┌────────

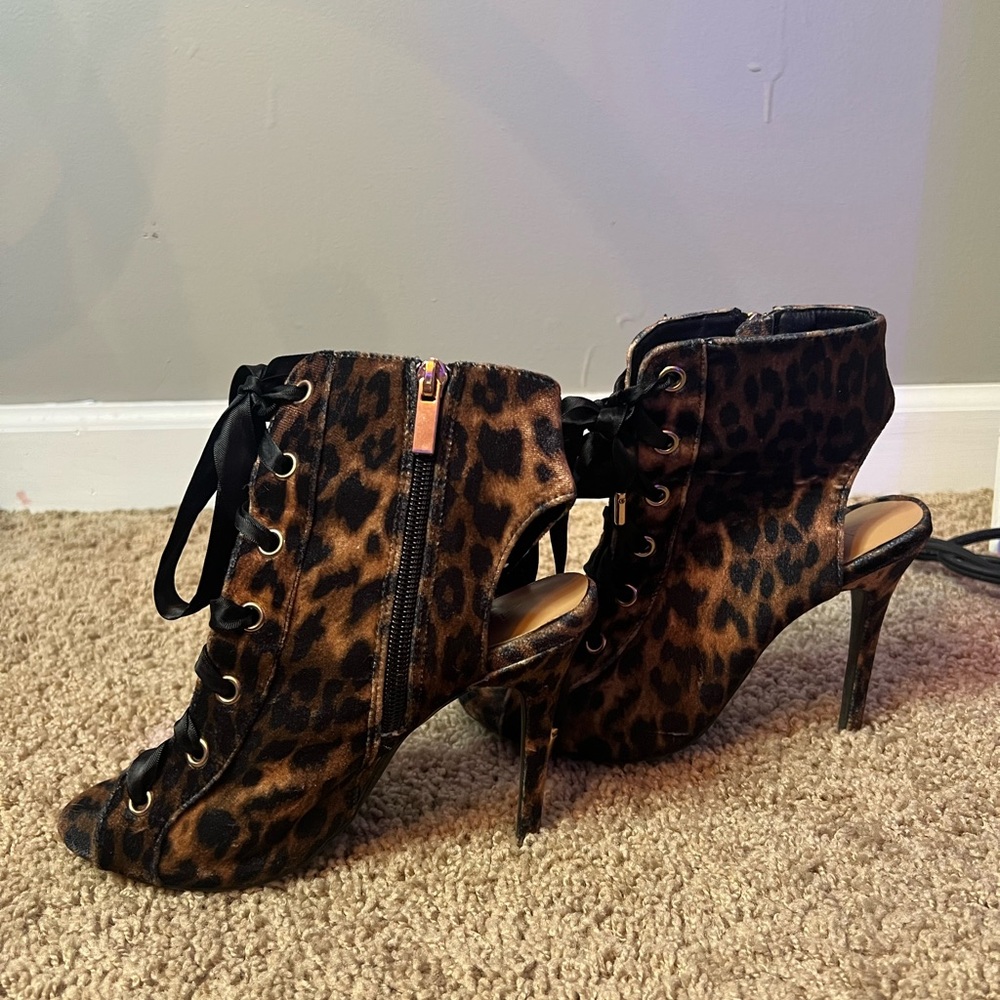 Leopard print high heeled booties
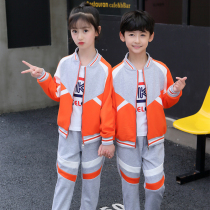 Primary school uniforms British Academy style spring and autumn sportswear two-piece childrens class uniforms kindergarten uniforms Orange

└────────
┌────────

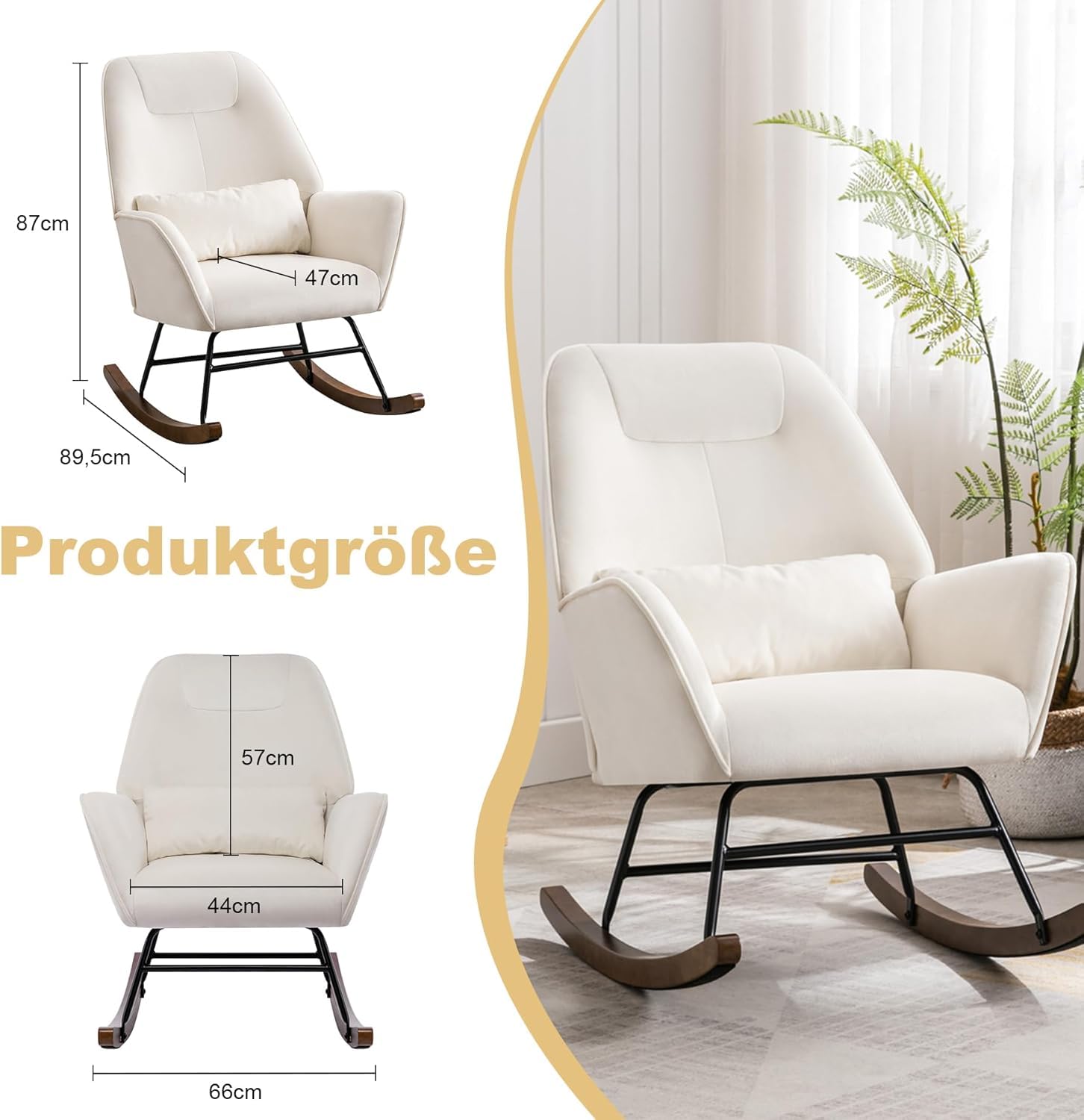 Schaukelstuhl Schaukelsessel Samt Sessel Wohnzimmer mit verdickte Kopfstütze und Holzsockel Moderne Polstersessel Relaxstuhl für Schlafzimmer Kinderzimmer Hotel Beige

└────────

TASK INSTRUCTIONS
Print nothing except the lines above from the one containing "Leopard print high heeled booties" down to the one containing "Primary school uniforms", both included, exactly as written and free of pictures.

WRITTEN SOLUTION
 Leopard print high heeled booties
 Primary school uniforms British Academy style spring and autumn sportswear two-piece childrens class uniforms kindergarten uniforms Orange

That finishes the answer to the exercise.